Business Loans for the Self-Employed: What Are Your Options?

If you’re self-employed and looking for a business loan, the first thing you need to know is that your legal structure determines almost everything — who will lend to you, how much, on what terms, and at what rate.

Sole traders and limited company directors are treated very differently by lenders. Understanding that difference upfront saves you time, protects your credit score from unnecessary searches, and helps you find the right route faster.

This guide covers both.

Disclaimer: I’m a Chartered Accountant, not a financial adviser. This guide is for information only. Always read the full terms of any loan and consider speaking to a financial adviser before borrowing.

Why Your Business Structure Matters for Borrowing

As a self-employed sole trader, you and your business are legally the same thing. There’s no separation between your personal finances and your business finances — which means lenders can’t assess business risk independently of personal risk, and there’s no business credit file to evaluate separately from yours.

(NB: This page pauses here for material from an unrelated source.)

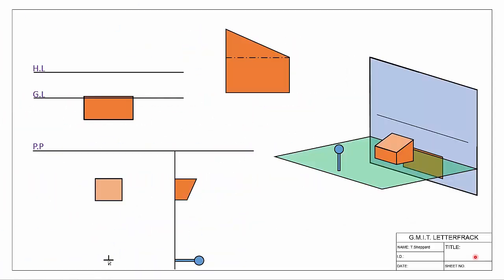Welcome back to our webcast series on Perspective Projection. In this video we're going to concentrate on the principles and properties underpinning an auxiliary vanishing point. An auxiliary vanishing point is a vanishing point for any line that is sloped.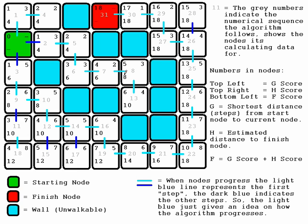It calculated this score and realizes back here is a six, which is a smaller value. As you can see, it goes six, seven, eight, then jumps back here and goes to nine. It's calculated these scores and realized that's still the shortest one. It's progressed through here, calculated these values—still an eight.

As a limited company, the business is a separate legal entity. It has its own credit history, its own accounts filed at Companies House, and its own liability for debts. That separation is what unlocks access to business lending.

In practice this means: limited companies have significantly more borrowing options than sole traders, often at better rates and higher amounts.

That doesn’t mean sole traders can’t access funding — but the routes are different, and it’s worth knowing which doors are open before you start applying.

Business Loans for Sole Traders

Here’s the honest picture: unsecured business loans from alternative lenders are largely not available to self-employed sole traders in 2026.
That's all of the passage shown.